On Monday (May 29), three Sausalito party boats carrying 55 fishermen caught just 20 salmon, the largest weighing 22 pounds. Fishing, indeed, is anything but hot.
But local salmon fishermen bummed by lousy fishing may have a good season or two to anticipate in the coming years. That’s because a fishery advocate group released more than a million finger-sized Chinook smolts into San Francisco Bay at Fort Baker last week and about a million more at coastal locations farther south.
Releasing the fish, which were born in Central Valley hatcheries, in or very near the ocean dramatically increases their odds of surviving to adulthood — when they will be big enough to catch and eat.
“We’ve only seen a one percent or less survival rate in the fish we release (near Vallejo),” said Jim Anderson, a commercial fisherman in Half Moon Bay and a director of the California Salmon Stamp Committee, which has been overseeing the release program.
Anderson said the Fort Baker releases have come in conjunction with similar releases in Half Moon Bay and Santa Cruz.

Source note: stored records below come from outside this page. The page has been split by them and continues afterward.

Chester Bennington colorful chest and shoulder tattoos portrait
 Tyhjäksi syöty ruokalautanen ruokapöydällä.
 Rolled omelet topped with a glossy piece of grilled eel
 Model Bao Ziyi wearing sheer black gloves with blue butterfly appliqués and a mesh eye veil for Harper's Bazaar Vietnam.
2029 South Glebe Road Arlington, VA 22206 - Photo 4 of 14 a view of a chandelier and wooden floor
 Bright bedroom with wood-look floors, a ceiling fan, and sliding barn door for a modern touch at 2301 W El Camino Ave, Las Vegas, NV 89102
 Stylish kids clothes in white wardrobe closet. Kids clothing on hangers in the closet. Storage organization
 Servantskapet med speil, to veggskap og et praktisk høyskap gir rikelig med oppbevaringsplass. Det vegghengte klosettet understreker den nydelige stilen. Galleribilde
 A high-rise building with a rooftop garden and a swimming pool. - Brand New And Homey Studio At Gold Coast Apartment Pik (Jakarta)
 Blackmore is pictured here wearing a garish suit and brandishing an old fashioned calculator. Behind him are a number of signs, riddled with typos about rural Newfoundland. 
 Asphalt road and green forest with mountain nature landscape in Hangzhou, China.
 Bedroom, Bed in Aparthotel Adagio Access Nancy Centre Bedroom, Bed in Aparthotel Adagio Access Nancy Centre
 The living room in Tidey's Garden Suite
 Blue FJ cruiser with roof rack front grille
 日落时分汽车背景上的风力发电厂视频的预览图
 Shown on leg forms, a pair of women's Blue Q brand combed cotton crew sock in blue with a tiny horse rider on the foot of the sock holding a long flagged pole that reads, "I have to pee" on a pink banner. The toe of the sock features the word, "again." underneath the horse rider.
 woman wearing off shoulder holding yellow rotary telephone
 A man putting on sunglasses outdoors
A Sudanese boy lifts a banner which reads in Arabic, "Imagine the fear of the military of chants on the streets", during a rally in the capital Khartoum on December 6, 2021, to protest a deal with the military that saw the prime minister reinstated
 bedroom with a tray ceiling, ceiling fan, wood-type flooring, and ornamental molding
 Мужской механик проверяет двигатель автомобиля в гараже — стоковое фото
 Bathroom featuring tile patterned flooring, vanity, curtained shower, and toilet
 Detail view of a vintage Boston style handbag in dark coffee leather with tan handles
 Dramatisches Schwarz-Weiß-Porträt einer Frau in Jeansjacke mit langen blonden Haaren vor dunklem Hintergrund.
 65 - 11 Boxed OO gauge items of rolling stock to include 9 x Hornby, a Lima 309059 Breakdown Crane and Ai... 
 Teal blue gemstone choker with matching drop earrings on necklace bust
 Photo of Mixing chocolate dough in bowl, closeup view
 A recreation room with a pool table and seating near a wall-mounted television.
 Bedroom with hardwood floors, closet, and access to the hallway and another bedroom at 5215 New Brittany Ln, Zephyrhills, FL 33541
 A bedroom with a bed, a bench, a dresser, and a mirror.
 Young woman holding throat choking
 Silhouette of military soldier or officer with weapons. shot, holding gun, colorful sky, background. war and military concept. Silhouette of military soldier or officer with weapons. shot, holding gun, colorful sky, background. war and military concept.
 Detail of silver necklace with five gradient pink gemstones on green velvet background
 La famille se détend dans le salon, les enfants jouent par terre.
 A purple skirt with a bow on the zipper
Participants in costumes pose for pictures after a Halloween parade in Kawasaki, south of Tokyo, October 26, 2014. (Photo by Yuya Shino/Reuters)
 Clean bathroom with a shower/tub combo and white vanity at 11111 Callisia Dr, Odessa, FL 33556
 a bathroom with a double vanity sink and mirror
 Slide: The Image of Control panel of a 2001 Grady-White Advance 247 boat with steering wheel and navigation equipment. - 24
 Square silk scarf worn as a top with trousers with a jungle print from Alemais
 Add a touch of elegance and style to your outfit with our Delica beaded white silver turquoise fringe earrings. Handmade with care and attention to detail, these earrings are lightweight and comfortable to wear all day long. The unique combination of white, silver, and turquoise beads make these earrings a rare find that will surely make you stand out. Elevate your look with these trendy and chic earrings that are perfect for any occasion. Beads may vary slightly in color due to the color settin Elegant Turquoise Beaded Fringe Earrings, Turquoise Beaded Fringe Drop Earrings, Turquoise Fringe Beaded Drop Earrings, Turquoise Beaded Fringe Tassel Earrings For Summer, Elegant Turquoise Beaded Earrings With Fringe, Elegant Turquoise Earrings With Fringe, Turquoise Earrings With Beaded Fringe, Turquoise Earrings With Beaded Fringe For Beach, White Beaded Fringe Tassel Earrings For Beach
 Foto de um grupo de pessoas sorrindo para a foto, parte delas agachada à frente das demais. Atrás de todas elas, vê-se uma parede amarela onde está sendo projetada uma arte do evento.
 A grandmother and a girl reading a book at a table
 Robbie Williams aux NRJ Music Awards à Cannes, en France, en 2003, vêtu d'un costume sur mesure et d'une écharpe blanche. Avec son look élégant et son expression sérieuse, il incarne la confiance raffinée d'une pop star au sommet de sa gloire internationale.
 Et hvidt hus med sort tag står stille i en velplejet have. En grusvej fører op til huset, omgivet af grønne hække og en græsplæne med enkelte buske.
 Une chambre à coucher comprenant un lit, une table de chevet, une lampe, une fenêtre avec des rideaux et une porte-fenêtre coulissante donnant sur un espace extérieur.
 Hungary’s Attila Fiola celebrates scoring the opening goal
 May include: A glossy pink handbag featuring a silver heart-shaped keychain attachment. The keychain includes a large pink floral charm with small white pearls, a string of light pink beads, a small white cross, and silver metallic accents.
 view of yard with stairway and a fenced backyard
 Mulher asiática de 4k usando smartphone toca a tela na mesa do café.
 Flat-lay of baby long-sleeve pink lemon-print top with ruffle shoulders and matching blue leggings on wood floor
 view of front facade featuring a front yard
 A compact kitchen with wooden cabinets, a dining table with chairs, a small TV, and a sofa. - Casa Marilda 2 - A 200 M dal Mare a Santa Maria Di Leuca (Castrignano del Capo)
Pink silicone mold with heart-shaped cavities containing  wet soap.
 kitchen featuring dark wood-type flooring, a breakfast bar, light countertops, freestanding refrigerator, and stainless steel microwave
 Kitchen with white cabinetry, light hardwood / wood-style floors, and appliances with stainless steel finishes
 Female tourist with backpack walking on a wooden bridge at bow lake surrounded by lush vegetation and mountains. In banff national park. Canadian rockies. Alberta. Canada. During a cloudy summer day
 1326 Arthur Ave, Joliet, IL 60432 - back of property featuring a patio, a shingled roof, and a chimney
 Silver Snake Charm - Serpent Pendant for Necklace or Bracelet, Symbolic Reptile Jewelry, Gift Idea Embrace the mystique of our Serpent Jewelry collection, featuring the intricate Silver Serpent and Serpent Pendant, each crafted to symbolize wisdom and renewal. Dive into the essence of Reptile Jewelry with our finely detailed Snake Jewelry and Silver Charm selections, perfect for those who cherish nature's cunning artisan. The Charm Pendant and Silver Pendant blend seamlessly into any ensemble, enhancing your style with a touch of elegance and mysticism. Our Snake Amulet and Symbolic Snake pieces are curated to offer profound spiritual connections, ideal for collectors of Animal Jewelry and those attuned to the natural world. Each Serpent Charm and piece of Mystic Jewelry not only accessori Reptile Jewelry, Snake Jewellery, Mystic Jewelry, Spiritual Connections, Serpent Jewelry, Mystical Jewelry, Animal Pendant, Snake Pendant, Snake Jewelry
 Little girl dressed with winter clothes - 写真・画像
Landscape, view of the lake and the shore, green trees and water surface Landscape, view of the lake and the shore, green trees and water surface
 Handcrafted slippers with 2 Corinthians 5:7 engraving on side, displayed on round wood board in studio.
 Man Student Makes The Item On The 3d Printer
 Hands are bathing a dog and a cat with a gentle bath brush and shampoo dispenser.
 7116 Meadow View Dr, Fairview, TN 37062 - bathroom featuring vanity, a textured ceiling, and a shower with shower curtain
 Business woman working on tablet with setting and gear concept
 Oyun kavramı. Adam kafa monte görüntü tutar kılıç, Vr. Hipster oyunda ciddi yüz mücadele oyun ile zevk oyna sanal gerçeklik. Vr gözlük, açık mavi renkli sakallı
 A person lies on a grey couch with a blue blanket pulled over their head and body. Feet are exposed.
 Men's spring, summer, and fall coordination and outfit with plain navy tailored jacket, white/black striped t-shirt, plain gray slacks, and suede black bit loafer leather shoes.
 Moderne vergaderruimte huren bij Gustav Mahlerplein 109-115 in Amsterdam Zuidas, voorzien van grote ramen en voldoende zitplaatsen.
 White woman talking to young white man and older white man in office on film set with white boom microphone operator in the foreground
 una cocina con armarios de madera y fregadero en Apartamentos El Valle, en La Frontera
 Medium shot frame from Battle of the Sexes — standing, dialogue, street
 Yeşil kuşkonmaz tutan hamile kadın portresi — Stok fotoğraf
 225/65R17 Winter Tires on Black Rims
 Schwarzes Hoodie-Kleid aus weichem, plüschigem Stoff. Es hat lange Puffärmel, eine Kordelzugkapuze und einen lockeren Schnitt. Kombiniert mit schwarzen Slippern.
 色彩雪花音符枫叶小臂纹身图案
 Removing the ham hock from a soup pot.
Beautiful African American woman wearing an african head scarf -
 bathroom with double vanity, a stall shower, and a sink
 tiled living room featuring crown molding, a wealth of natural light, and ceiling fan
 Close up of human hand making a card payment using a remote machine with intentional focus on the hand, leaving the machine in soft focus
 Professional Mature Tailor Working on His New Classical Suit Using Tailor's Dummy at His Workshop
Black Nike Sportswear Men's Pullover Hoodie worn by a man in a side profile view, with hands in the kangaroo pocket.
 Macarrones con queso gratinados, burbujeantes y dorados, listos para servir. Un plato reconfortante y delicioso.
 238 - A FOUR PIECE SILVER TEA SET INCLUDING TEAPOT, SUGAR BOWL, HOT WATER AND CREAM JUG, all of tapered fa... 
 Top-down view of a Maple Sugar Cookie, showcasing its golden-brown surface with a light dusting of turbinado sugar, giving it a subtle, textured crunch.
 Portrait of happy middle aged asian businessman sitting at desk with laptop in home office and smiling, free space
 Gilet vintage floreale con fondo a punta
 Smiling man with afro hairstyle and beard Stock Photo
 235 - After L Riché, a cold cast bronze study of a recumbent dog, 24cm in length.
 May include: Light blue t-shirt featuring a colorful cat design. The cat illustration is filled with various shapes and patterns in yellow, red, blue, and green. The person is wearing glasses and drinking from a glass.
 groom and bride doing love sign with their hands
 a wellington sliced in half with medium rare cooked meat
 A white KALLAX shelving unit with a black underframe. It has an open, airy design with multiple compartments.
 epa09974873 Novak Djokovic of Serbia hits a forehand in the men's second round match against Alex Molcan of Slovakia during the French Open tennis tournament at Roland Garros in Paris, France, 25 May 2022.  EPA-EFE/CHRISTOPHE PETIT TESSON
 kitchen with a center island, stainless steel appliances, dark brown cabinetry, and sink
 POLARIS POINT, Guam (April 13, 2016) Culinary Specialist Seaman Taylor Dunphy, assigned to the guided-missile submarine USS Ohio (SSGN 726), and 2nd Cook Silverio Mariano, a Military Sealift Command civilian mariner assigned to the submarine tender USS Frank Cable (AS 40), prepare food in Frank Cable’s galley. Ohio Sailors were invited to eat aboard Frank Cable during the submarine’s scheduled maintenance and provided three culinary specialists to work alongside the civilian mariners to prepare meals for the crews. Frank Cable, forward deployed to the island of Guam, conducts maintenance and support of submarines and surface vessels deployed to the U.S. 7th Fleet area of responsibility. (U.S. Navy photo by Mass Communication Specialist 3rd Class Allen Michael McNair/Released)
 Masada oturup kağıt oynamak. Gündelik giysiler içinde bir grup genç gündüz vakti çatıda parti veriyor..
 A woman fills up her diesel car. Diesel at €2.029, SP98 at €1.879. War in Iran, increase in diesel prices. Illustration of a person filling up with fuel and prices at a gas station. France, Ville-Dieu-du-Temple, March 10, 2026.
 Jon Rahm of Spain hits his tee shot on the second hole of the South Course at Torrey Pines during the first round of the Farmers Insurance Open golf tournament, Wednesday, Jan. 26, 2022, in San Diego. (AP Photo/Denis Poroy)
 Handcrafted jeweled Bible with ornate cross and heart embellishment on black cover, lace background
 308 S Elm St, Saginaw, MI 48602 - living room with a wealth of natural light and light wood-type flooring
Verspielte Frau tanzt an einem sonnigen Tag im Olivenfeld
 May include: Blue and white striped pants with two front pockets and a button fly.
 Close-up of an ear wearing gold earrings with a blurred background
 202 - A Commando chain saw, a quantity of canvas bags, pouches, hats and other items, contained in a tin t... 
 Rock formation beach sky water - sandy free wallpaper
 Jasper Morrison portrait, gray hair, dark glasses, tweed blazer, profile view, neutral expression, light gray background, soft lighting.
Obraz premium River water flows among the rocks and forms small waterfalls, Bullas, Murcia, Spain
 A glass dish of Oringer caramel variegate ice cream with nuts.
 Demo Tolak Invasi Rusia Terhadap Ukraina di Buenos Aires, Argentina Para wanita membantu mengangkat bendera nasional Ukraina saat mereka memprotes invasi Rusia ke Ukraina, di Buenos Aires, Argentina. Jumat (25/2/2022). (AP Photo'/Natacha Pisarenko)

All told, Anderson’s committee has released 2.32 million salmon smolts this year.
“We’re hoping for a four-percent survival rate,” he said. “There are good ocean conditions out there, and a lot of krill.”
By combining the eggs and sperm of wild salmon, managers of Central Valley fish hatcheries produce millions of juvenile salmon each year and release them into either the river system, the Delta, San Francisco Bay or the ocean. The trouble with releasing the fish upstream of the Delta is that the young salmon are faced with high odds of being eaten by predators or being sucked off their migration course by powerful irrigation pumps.
Anderson said even releasing young salmon into San Francisco Bay — downstream of the dangerous Delta but still miles from the ocean — leads to high mortality rates and low adult returns.
“That’s because there are a lot of striped bass between Vallejo and the Golden Gate,” he said.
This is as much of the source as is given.